___ Records for this task ___

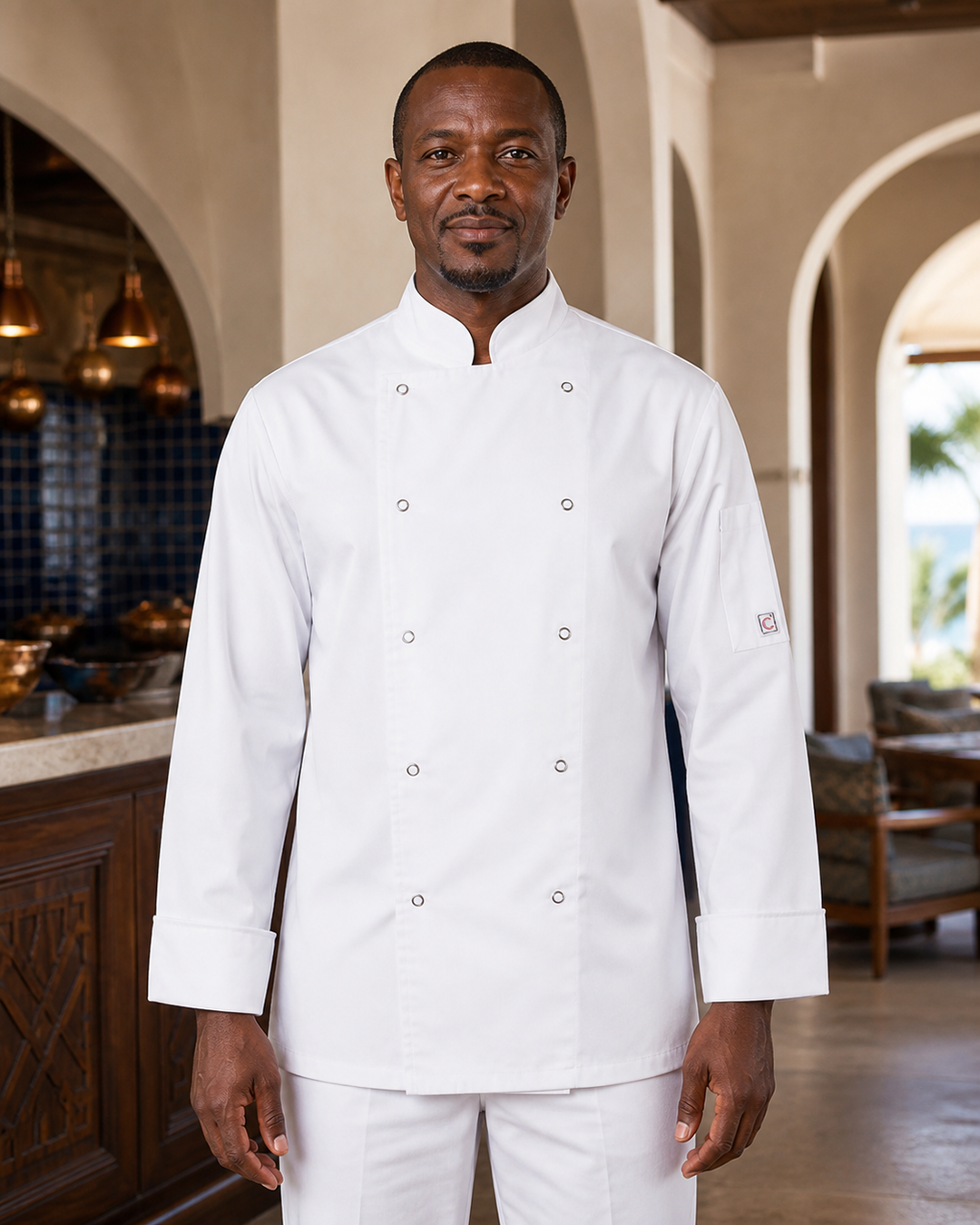 ChefWorks Executive long sleeve chef press stud jacket in white
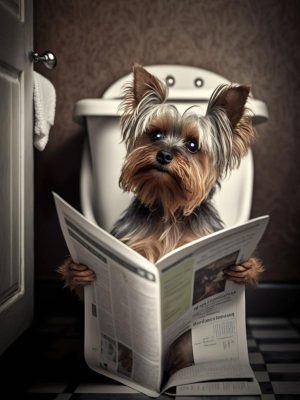 Slimme hond op de pot!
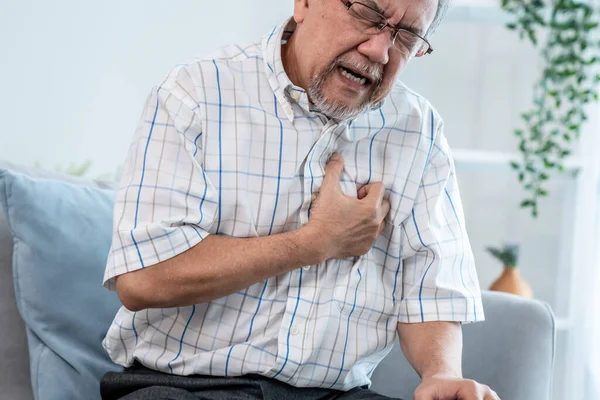 Agonizing Senior Man Suffering Chest Pain Heart Attack Alone His — Stockfoto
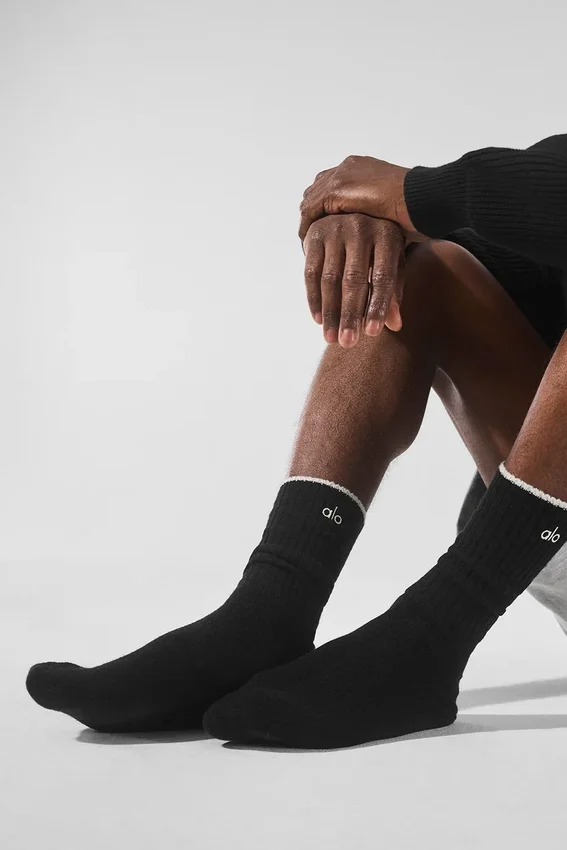 Calcetines unisex de lana y cachemira con efecto escarchado - Negro/Marfil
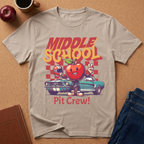 Middle School Pit Crew T-Shirt — Retro Racing Apple School Spirit Tee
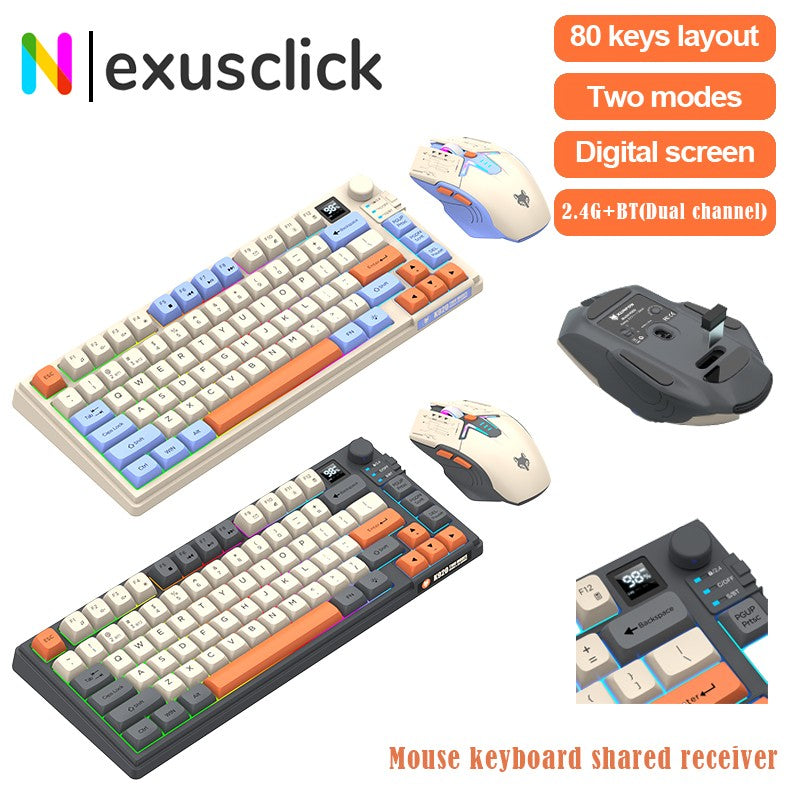 Kit Teclado e Mouse Ergonômicos com Tela, RGB e Precisão 1600DPI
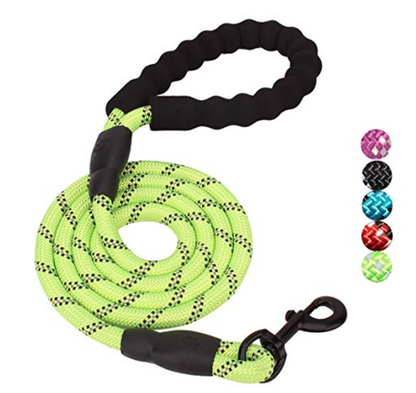 Indestructible Dog Leash - Mountain Grade Reflective Rope + FREE Waste Bag Dispenser Pet&Paw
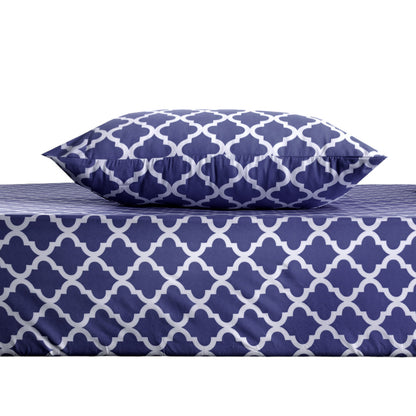 Three Piece Navy and White Quatrefoil Microfiber Twin Sheet Set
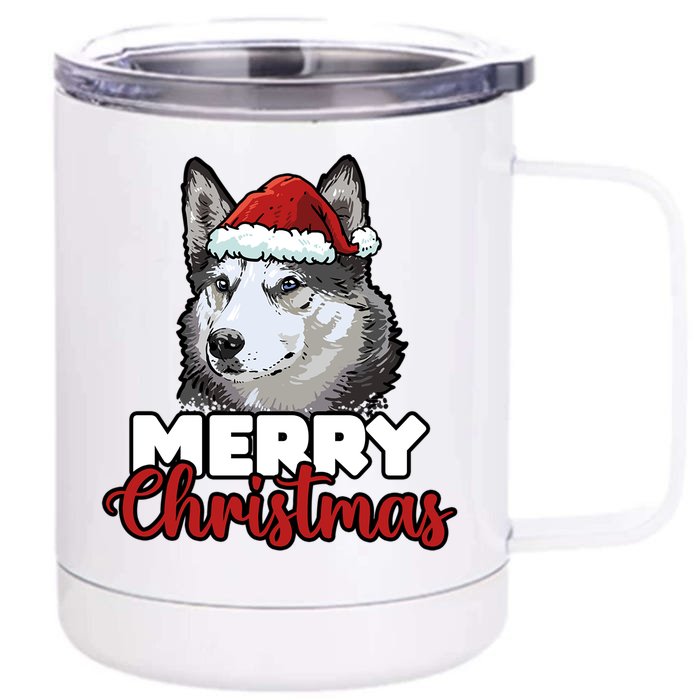 Merry Christmas Siberian Husky Dog Lover Gift Front & Back 12oz Stainless Steel Tumbler Cup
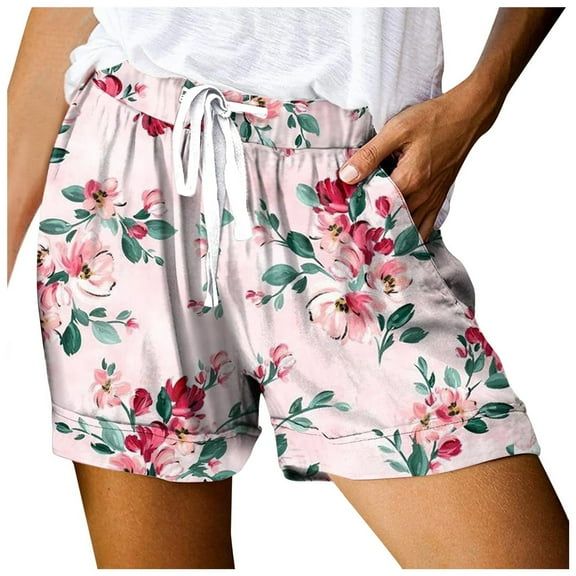 vigerkar 2025 Summer Casual Shorts for Women Drawstring Elastic Waist Wide Leg Shorts Flowy Lounge Beach Shorts with Pockets Pink, XL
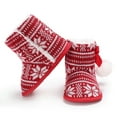 thumbnail image 6 of Esho Christmas Baby Shoes Snow Boots, Infants Winter Xmas Plush Warm Slipper Shoes Santa Elf Booties Shoes 0-18M, 6 of 7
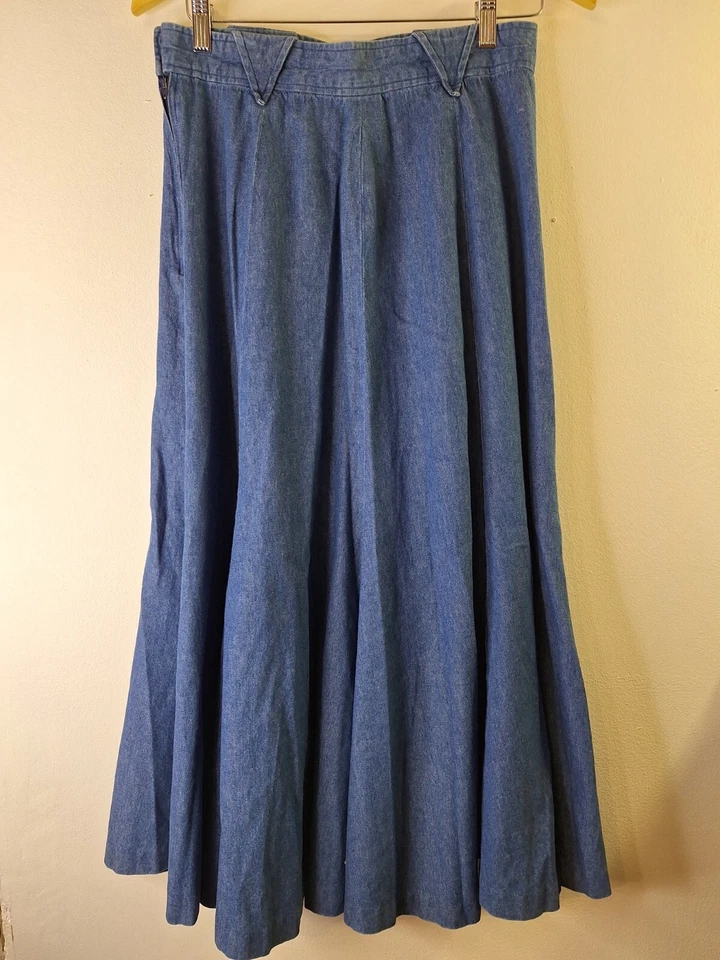 Ручной работы женщин джинсовой ткани круг юбка маленький Western ковбой Western Y2K богемное 2000-х - Изображение 2 из 4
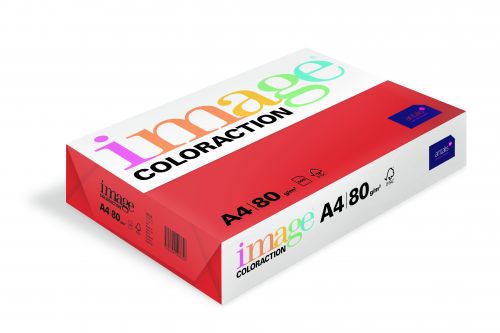 Coloraction Tinted Paper Deep Red (Chile) FSC4 A4 210X297mm 80Gm2 Pack 500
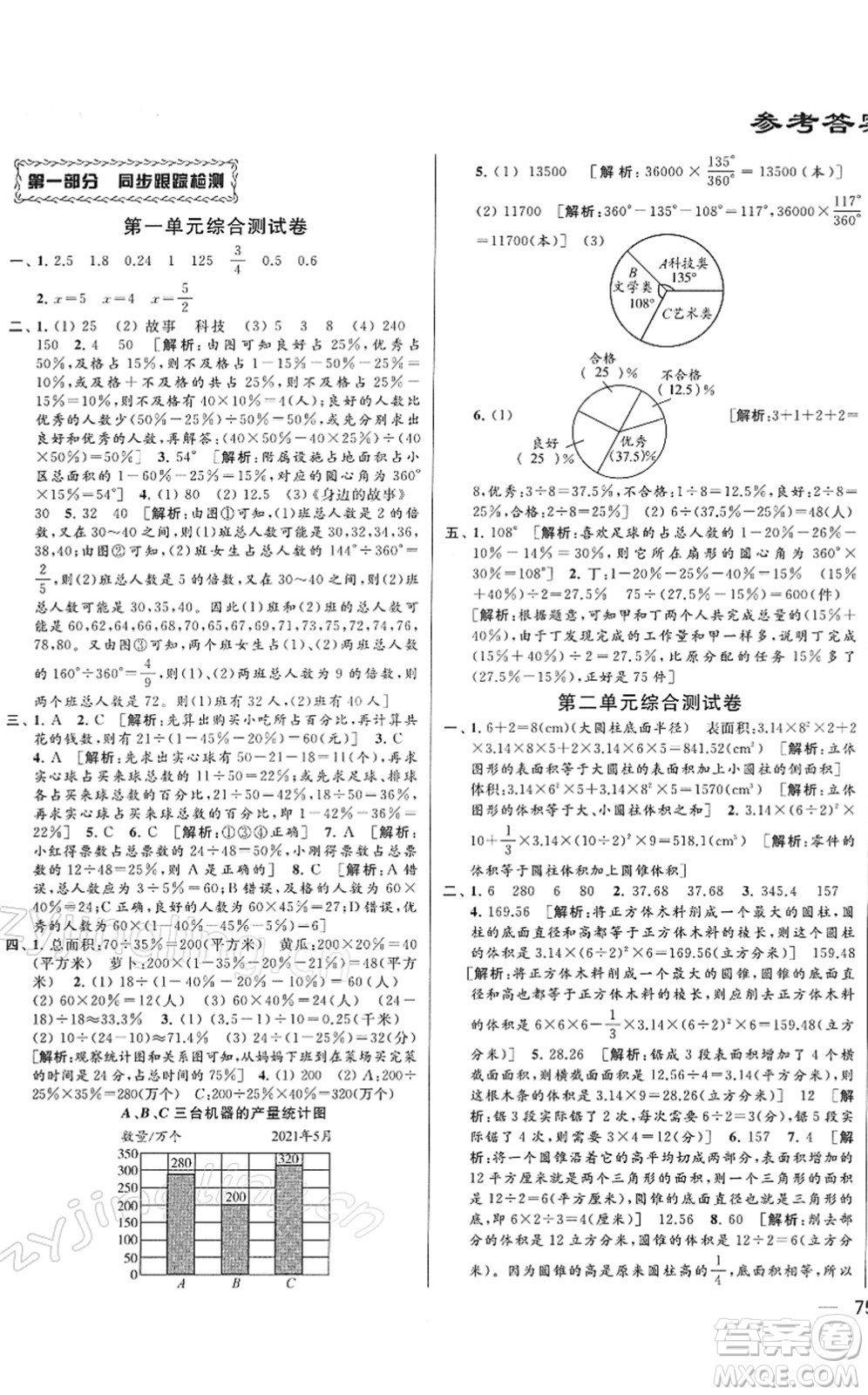 云南美術(shù)出版社2022同步跟蹤全程檢測六年級數(shù)學(xué)下冊蘇教版答案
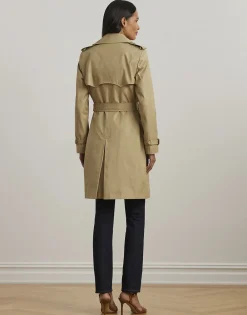 Double-Breasted Cotton-Blend Trench Coat><noscript><img width=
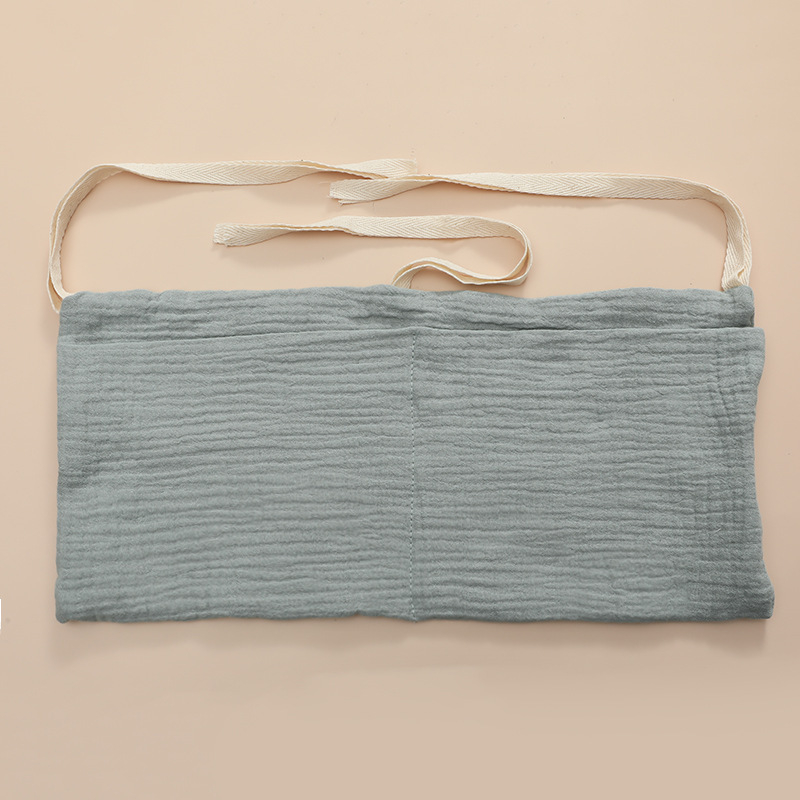 Baumwoll Babybett Organizer Hängende Bett Tasche Aufbewahrungsbeutel für Windeln / Kleidung / Spielzeug - Grau
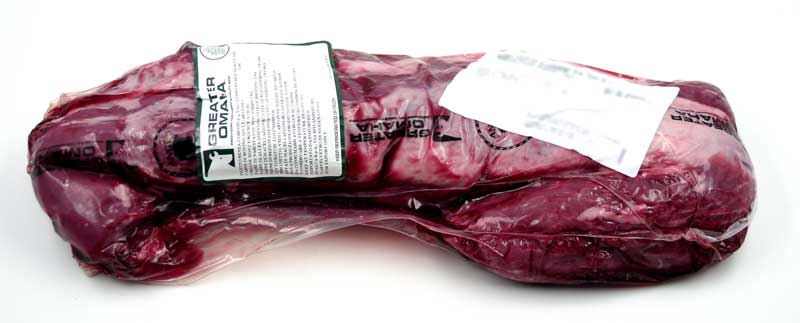 Filet de boeuf US Prime sans chaîne, viande de boeuf, viande, plus gros emballeurs d`Omaha du Nebraska - environ 2,4 kg - vide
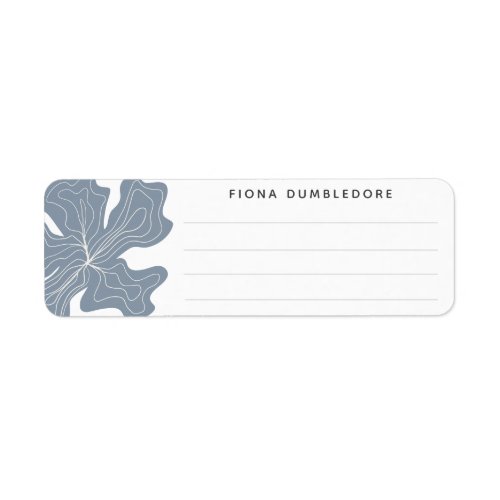 Dusty Blue Name Lined Blank Template Herb Floral Label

___

* _Work to be completed_: Would you write out every record word for word, leaving no picture in?

* _Answer area_:
 ChefWorks Executive long sleeve chef press stud jacket in white
 Slimme hond op de pot!
 Agonizing Senior Man Suffering Chest Pain Heart Attack Alone His — Stockfoto
 Calcetines unisex de lana y cachemira con efecto escarchado - Negro/Marfil
 Middle School Pit Crew T-Shirt — Retro Racing Apple School Spirit Tee
 Kit Teclado e Mouse Ergonômicos com Tela, RGB e Precisão 1600DPI
 Indestructible Dog Leash - Mountain Grade Reflective Rope + FREE Waste Bag Dispenser Pet&Paw
 Three Piece Navy and White Quatrefoil Microfiber Twin Sheet Set
 Merry Christmas Siberian Husky Dog Lover Gift Front & Back 12oz Stainless Steel Tumbler Cup
 vigerkar 2025 Summer Casual Shorts for Women Drawstring Elastic Waist Wide Leg Shorts Flowy Lounge Beach Shorts with Pockets Pink, XL
 thumbnail image 6 of Esho Christmas Baby Shoes Snow Boots, Infants Winter Xmas Plush Warm Slipper Shoes Santa Elf Booties Shoes 0-18M, 6 of 7
 Ручной работы женщин джинсовой ткани круг юбка маленький Western ковбой Western Y2K богемное 2000-х - Изображение 2 из 4
 Coloraction Tinted Paper Deep Red (Chile) FSC4 A4 210X297mm 80Gm2 Pack 500
 云南美術(shù)出版社2022同步跟蹤全程檢測六年級數(shù)學(xué)下冊蘇教版答案
 Double-Breasted Cotton-Blend Trench Coat><noscript><img width=
 Baumwoll Babybett Organizer Hängende Bett Tasche Aufbewahrungsbeutel für Windeln / Kleidung / Spielzeug - Grau
 Filet de boeuf US Prime sans chaîne, viande de boeuf, viande, plus gros emballeurs d`Omaha du Nebraska - environ 2,4 kg - vide
 Dusty Blue Name Lined Blank Template Herb Floral Label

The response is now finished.